### ACTIVITY
Give back, exactly as written, the lines of the listing from the top through the line holding "He Ti Hotel", and nothing more. Exclude pictures.

——

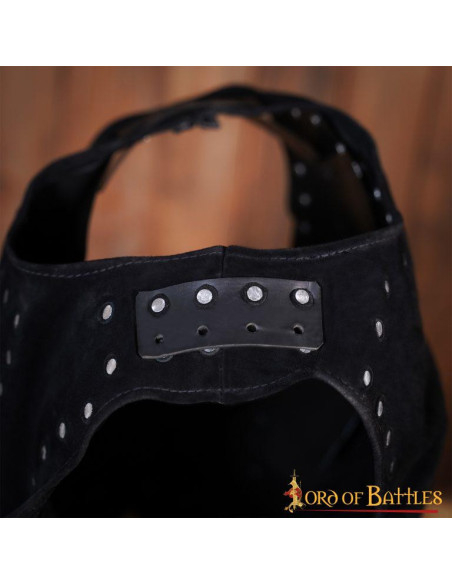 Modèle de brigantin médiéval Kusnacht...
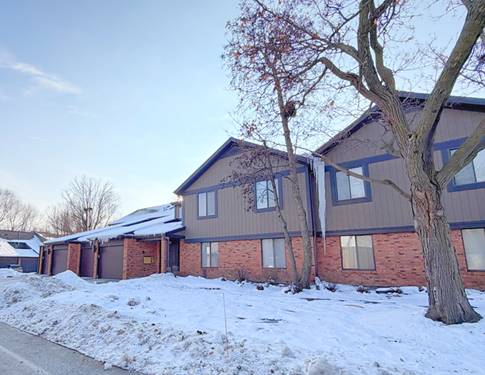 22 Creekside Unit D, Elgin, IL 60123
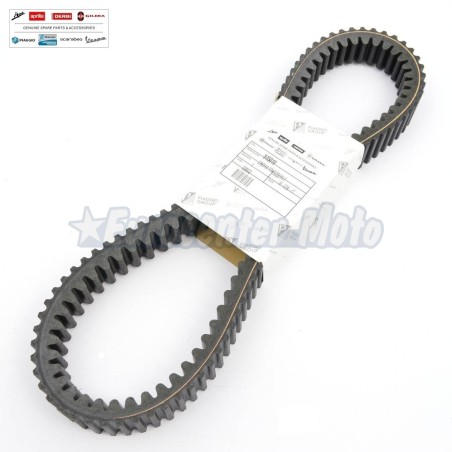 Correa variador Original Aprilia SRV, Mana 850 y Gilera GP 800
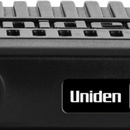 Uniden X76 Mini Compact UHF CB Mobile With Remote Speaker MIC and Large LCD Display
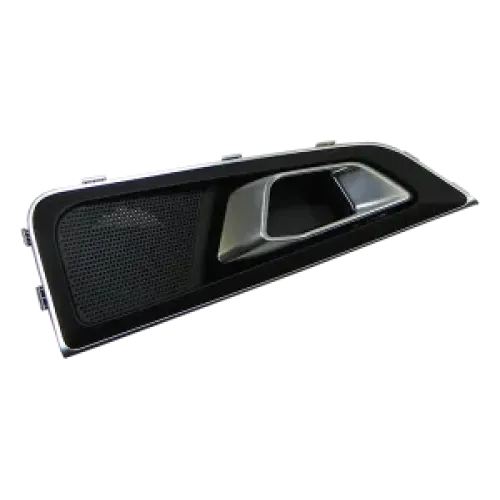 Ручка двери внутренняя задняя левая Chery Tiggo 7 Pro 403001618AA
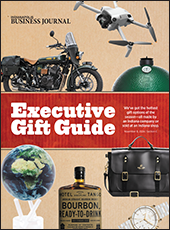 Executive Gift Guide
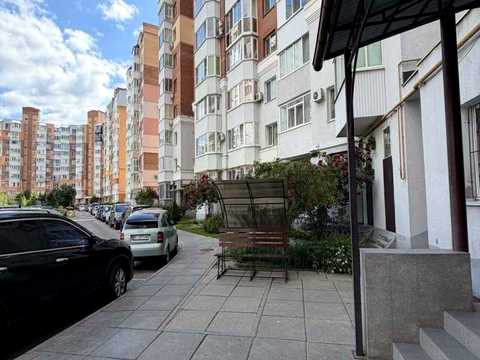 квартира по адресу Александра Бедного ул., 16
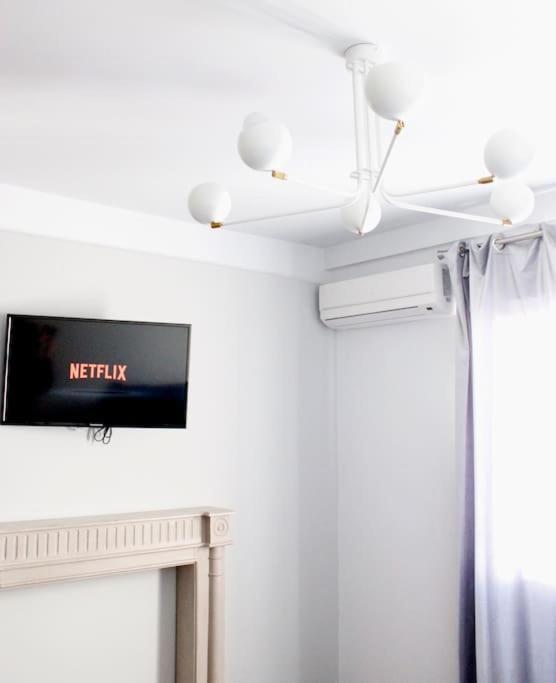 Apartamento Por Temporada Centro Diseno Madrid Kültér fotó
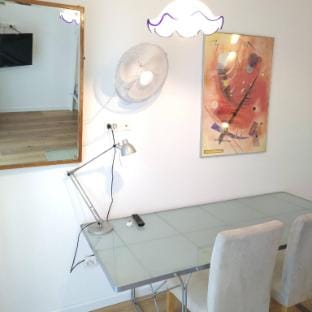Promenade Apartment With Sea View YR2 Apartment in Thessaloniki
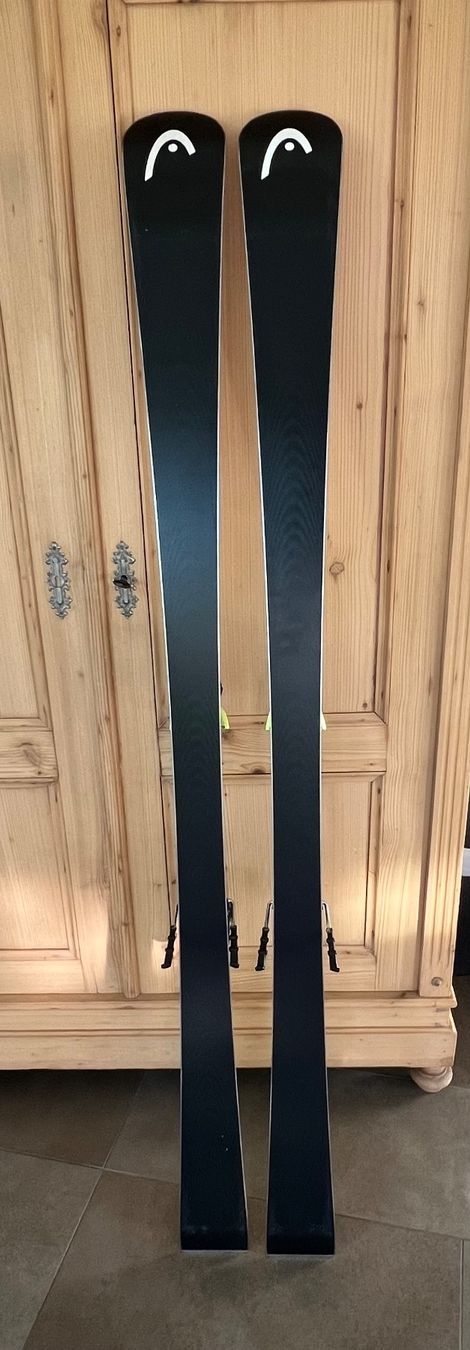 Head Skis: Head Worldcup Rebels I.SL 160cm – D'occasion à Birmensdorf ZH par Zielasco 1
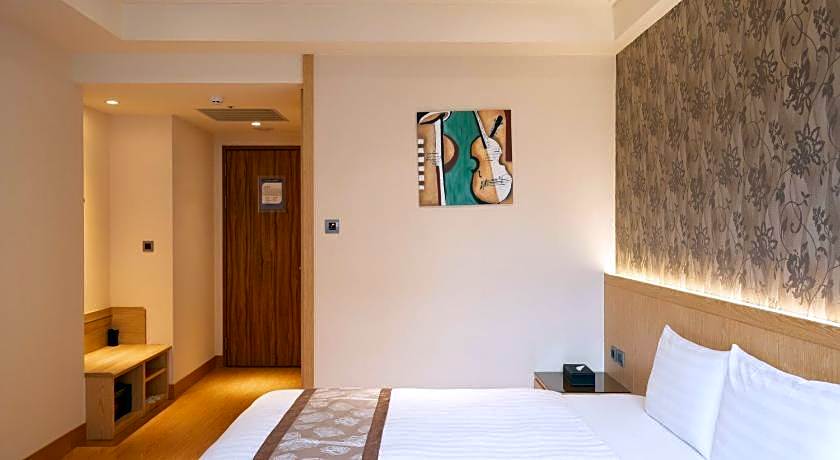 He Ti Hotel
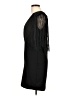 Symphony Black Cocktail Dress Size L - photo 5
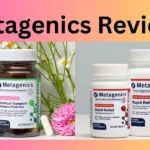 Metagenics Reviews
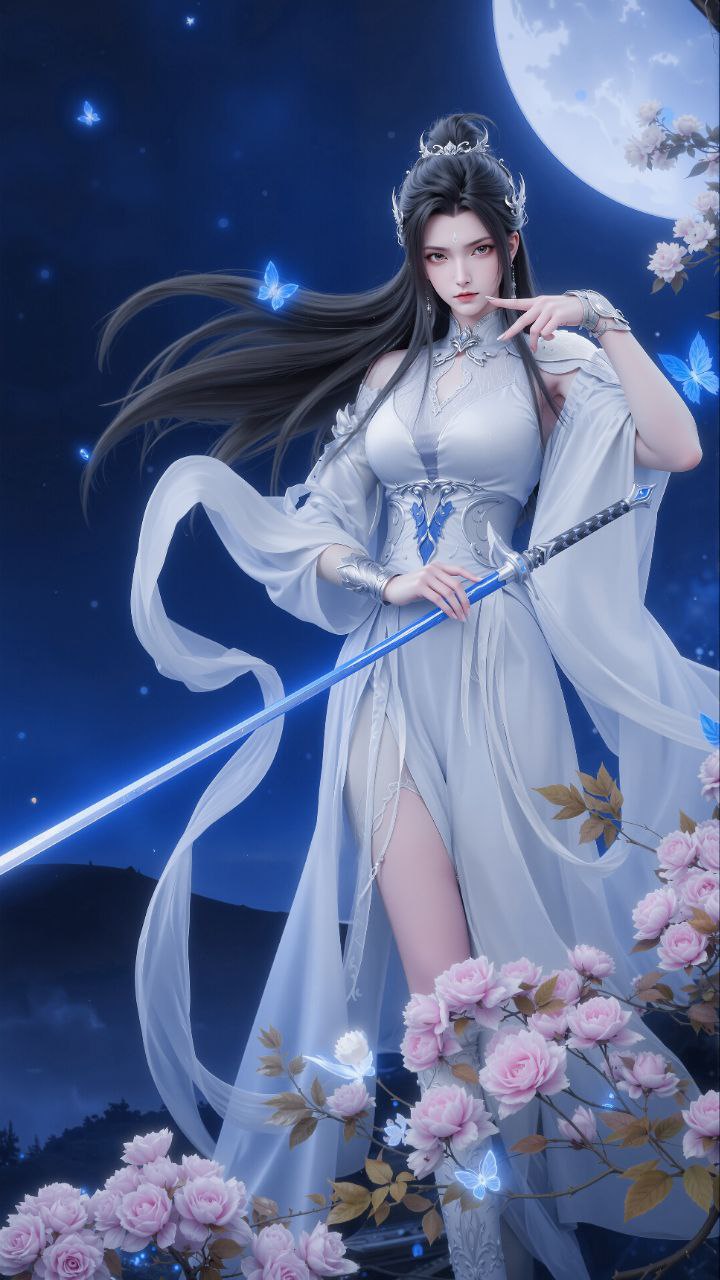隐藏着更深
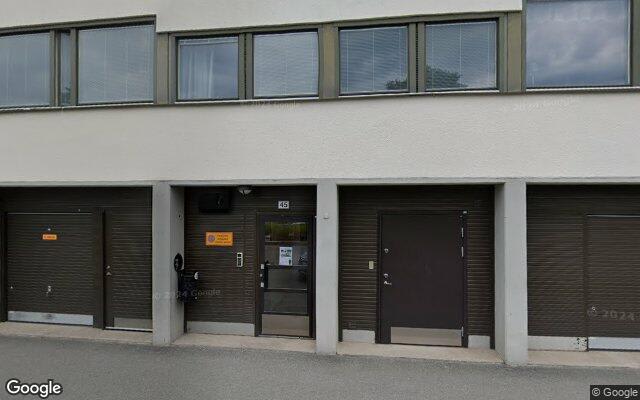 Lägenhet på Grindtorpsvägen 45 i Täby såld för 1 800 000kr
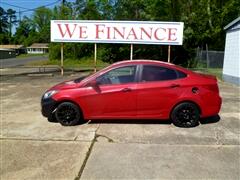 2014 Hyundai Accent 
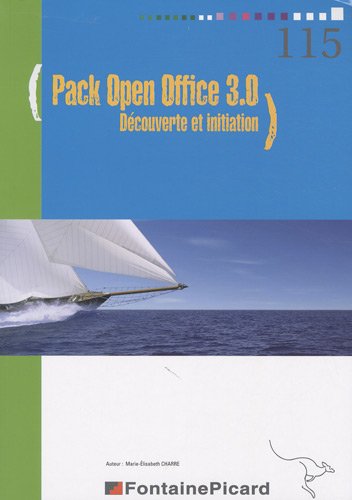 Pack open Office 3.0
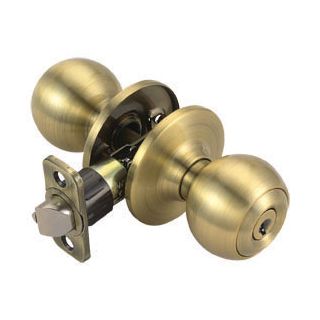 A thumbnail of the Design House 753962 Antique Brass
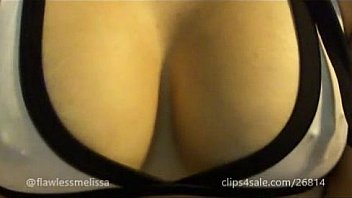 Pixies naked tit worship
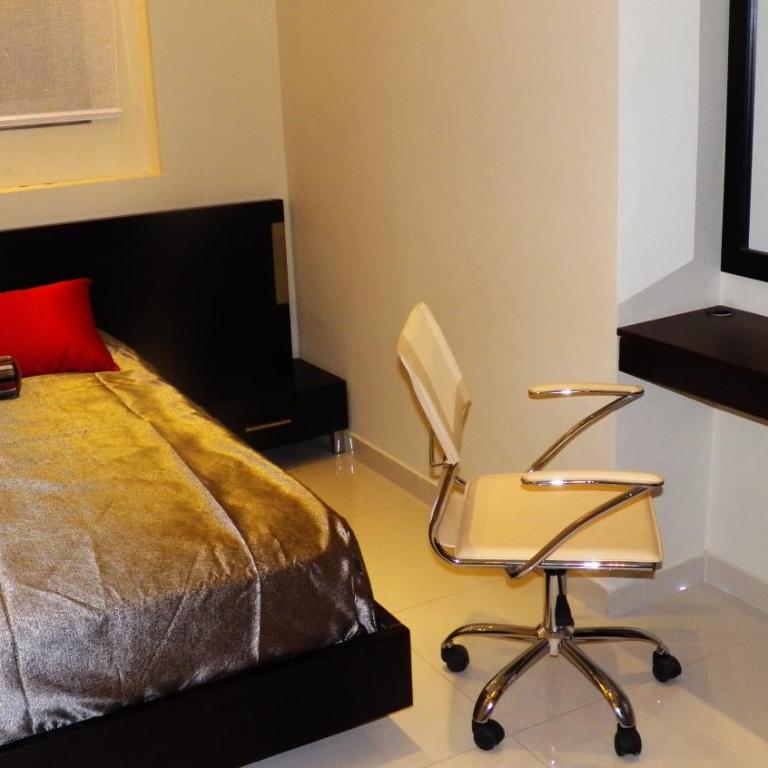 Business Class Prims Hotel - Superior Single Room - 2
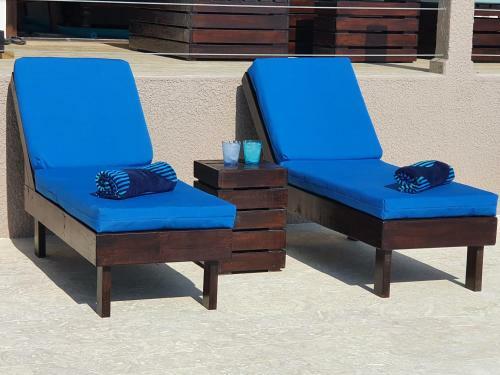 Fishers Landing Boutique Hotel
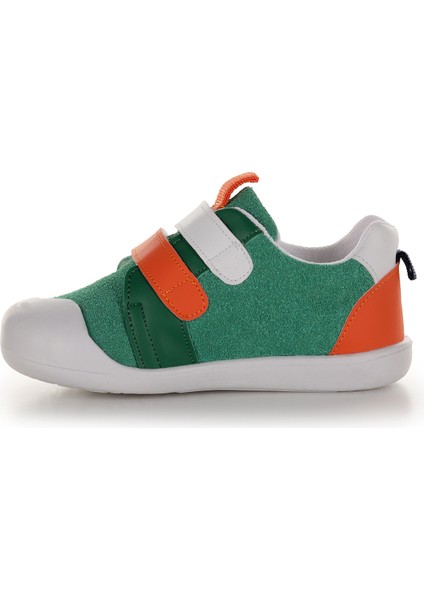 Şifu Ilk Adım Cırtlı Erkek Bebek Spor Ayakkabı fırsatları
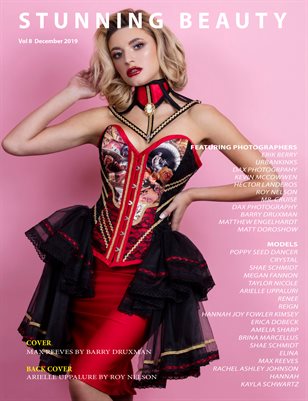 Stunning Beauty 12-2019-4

——

### ANSWER FOR THE TASK
 Modèle de brigantin médiéval Kusnacht...
 22 Creekside Unit D, Elgin, IL 60123
 Correa variador Original Aprilia SRV, Mana 850 y Gilera GP 800
 Uniden X76 Mini Compact UHF CB Mobile With Remote Speaker MIC and Large LCD Display
 Ручка двери внутренняя задняя левая Chery Tiggo 7 Pro 403001618AA
 Executive Gift Guide
 квартира по адресу Александра Бедного ул., 16
 Apartamento Por Temporada Centro Diseno Madrid Kültér fotó
Promenade Apartment With Sea View YR2 Apartment in Thessaloniki
 Head Skis: Head Worldcup Rebels I.SL 160cm – D'occasion à Birmensdorf ZH par Zielasco 1
 He Ti Hotel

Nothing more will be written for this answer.